Post-transcriptional modification is the physical alteration of the newly formed mRNA strand before it starts producing proteins. This process occurs after transcription (DNA to RNA).
Newly transcribed mRNA is often called the primary transcript or pre-mRNA.
Post-transcriptional modification gives an opportunity to alter gene expression. This modification can have significant effects on the amount mRNA that is translated.
Post-transcriptional modification is most common in eukaryotes.
Eukaryotic transcription occurs in the nucleus while translation occurs in the cytoplasm.
This means that there are several opportunities for the mRNA to undergo modification, as transcription and translation are spatially separated.After modification, mRNA leaves the nucleus through the nuclear pores.
There is very little post-transcriptional modification in prokaryotes. As a result, post-transcriptional modification has only a minor influence on gene expression in prokaryotes.

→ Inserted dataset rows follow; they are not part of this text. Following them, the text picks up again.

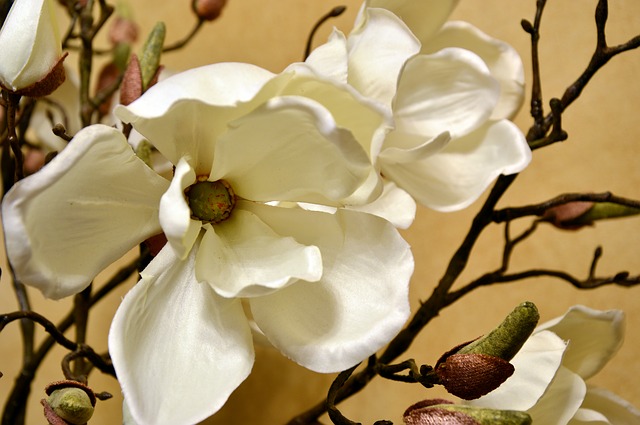 Quels sont les avantages des plantes artificielles ?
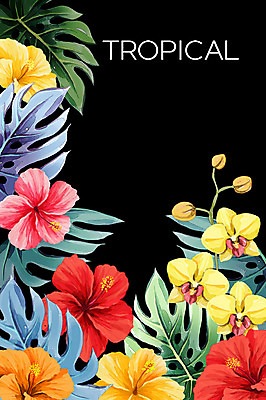 PSD 백그라운드 일러스트 사람없음 여름 야자수잎 몬스테라 양란 열대꽃 히비스커스 보테니컬아트 트로피컬아트 국내일러스트 식물 계절 꽃 잎 난초 그림 파일형식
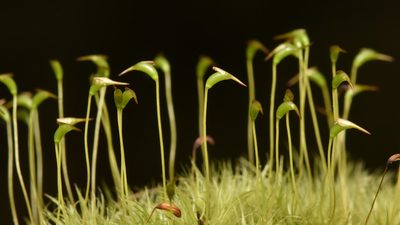 Dicranum scoparium, photographed by Braden J. Judson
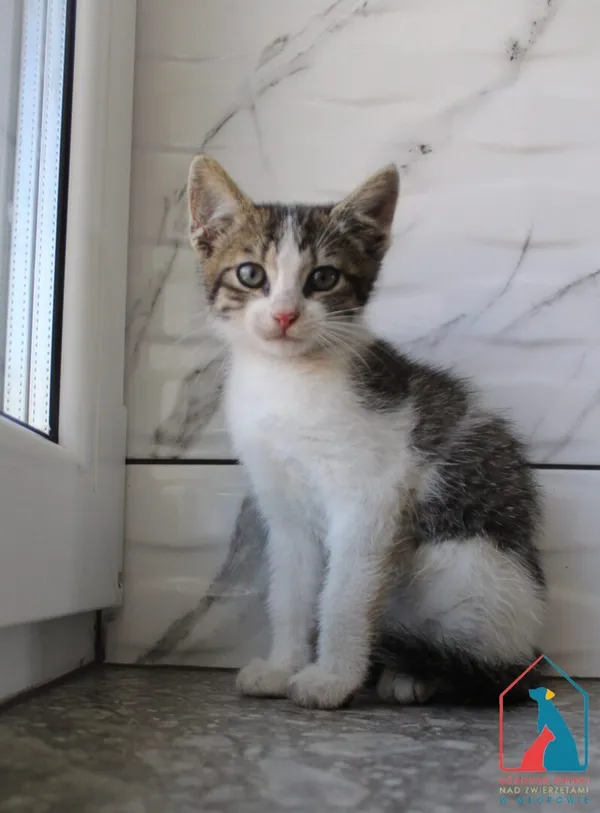 Kot do adopcji, Grudziądz, 12 sierpnia 2025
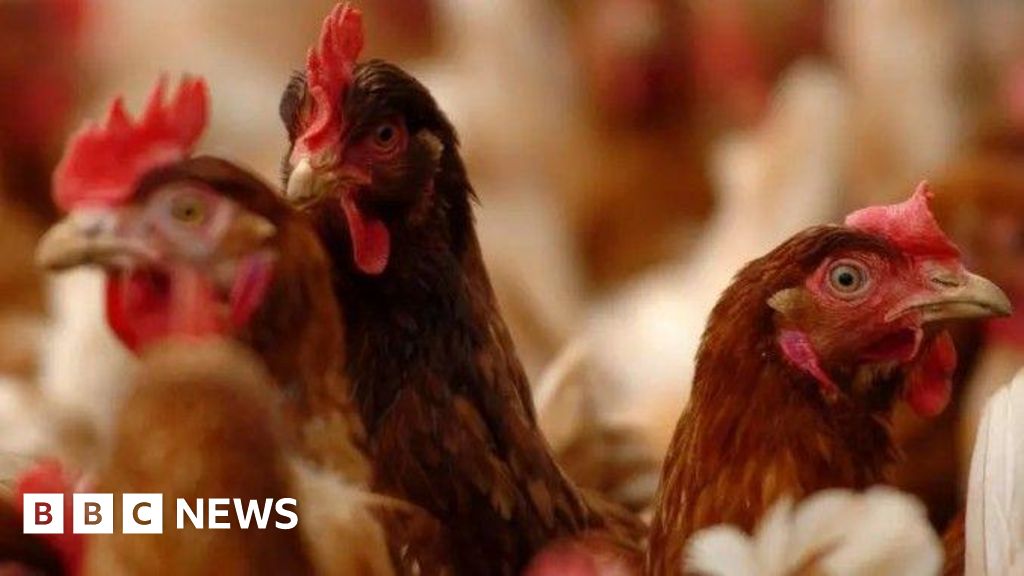 Poultry in Test Valley set to be culled after bird flu confirmed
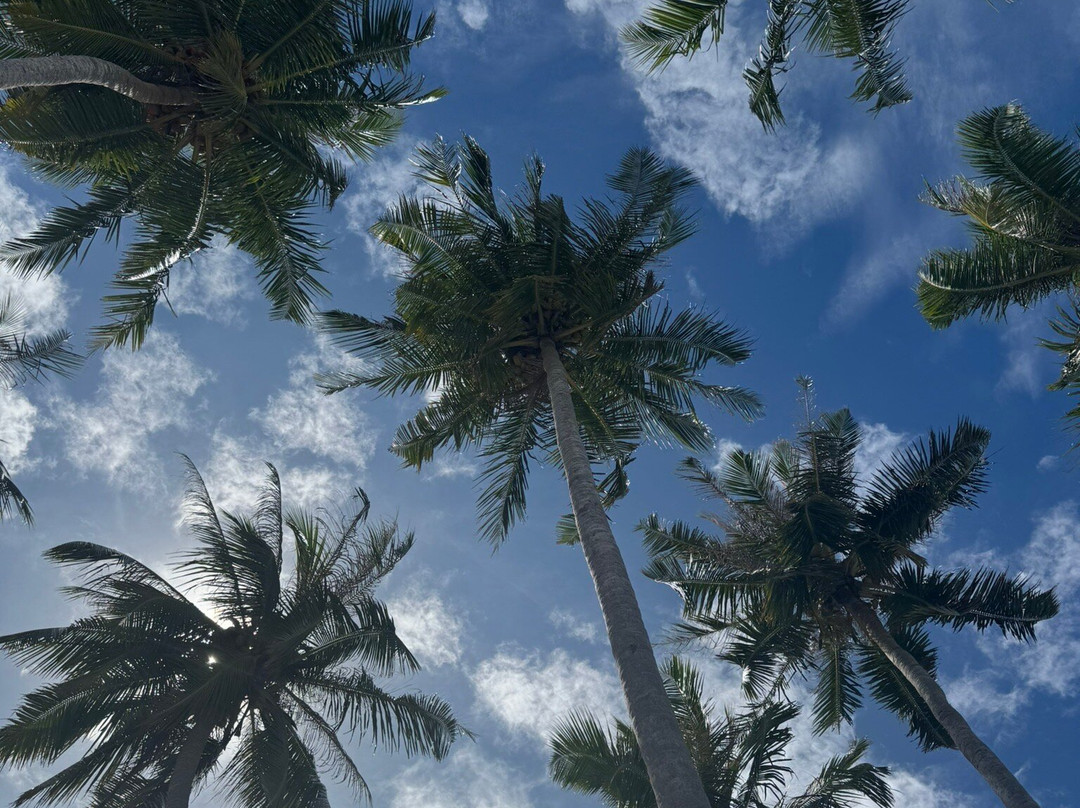 麦特楼住宿加早餐旅馆主图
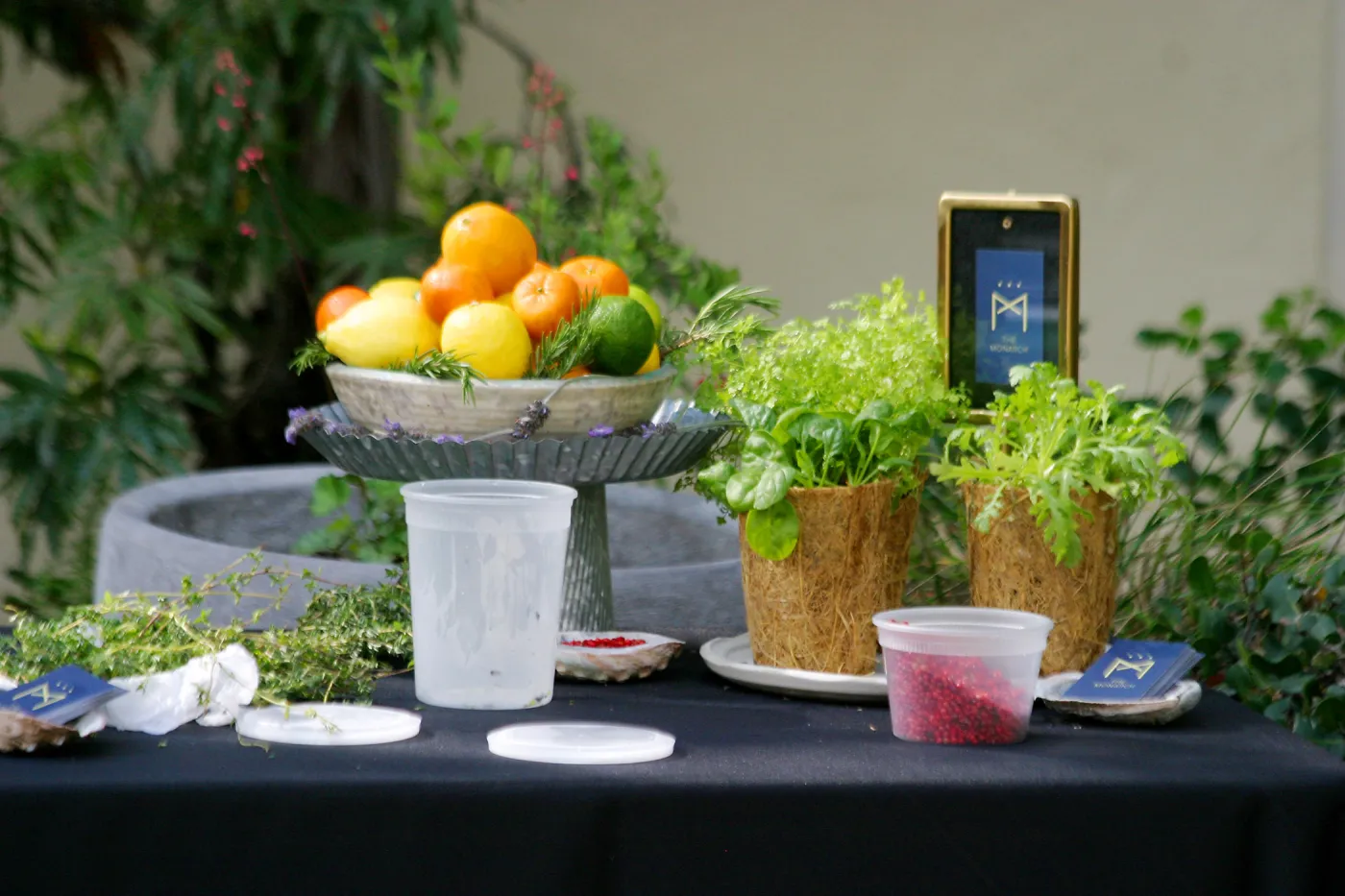 2019 Santa Barbara Beer Garden Event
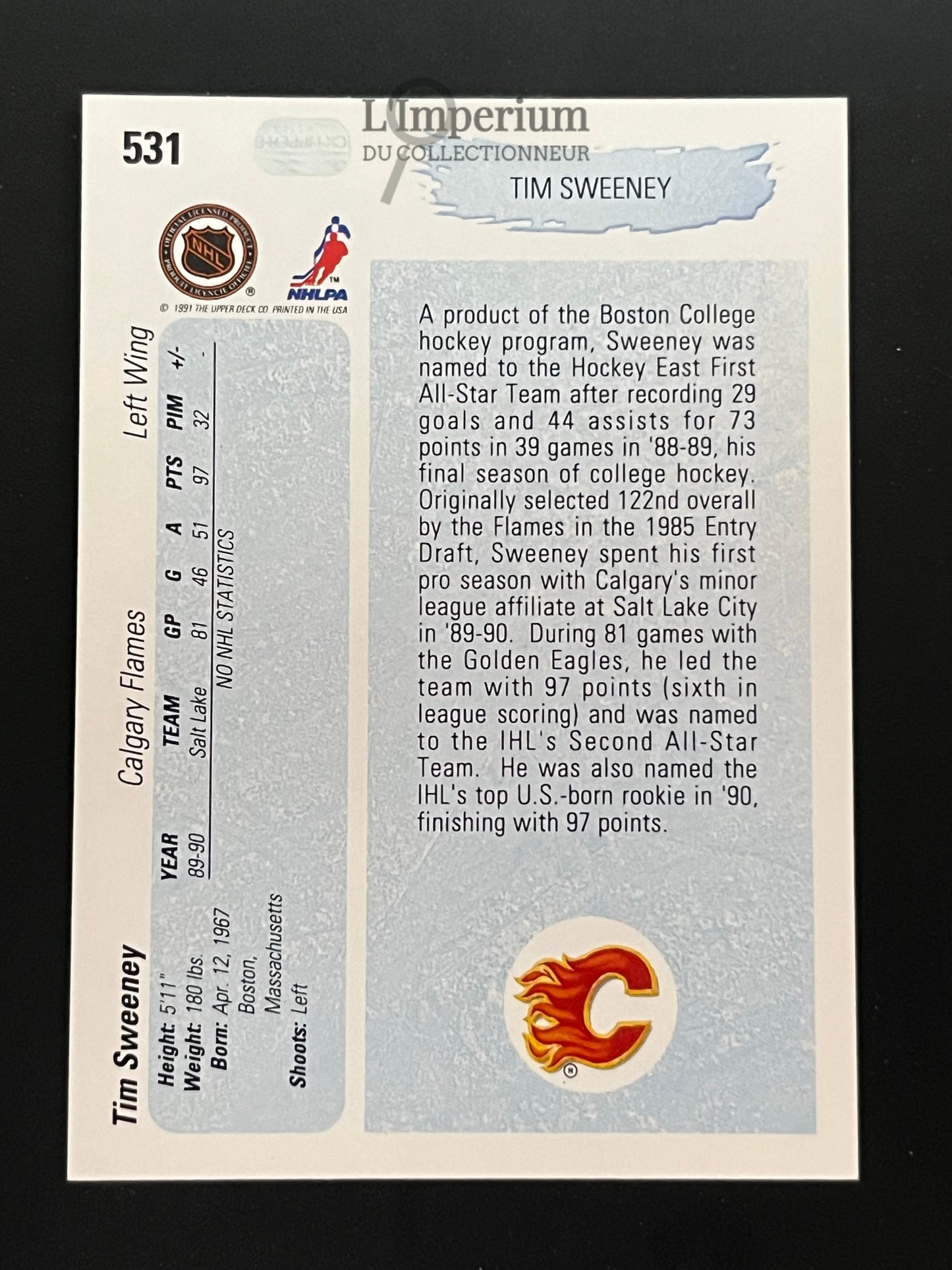 531. Tim Sweeney YG, RC Upper Deck 1990-91 Hockey Card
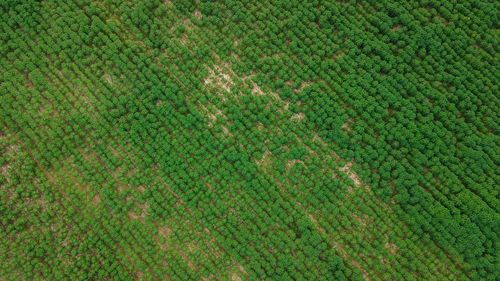 Full frame shot of corn field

Translation usually occurs immediately after an mRNA strand has been transcribed, so there is no opportunity for post-transcriptional modification. Both translation and transcription occur in the cytosol.
Post-transcriptional modification does, however, frequently occur in the production of prokaryotic rRNA and tRNA.
In this case, transcription is not followed by translation, so there is time to perform modifications.
There are three main types of post-transcriptional modification in eukaryotes: capping, polyadenylation and splicing.
All of these modifications occur in the nucleus.
- Capping is the addition of a 7-methylguanosine cap to the 5' end of the mRNA strand. This is a methylated guanine molecule.
- Polyadenylation adds a chain of around 250 adenine nucleotides to added to the 3' end of the mRNA. This is known as the poly(A) tail. It is not encoded in the genome. Instead, the nucleotides are added by an enzyme.
Polyadenylation increases the stability of mRNA. The longer the chain, the more stable the mRNA
Capping is required for the mRNA to be recognised by proteins. If mRNA is not capped, it cannot leave the nucleus.
Splicing is the removal of sections from mRNA. This is a form of post-transcriptional modification.
Eukaryotic splicing is typically catalysed by a spliceosome, a complex composed of RNA and protein sections. A section that is removed is called an intron, while a section that is left is an exon (Expressed regiON).
Alternative splicing is the removal of different introns from mRNA to create slightly different versions of the same protein, called isoforms. Each isoform has a slightly different function.
The majority of human genes can be alternatively spliced. This greatly increases protein diversity.
Parkinson's and Alzheimer's diseases are both thought to be caused by failures in splicing.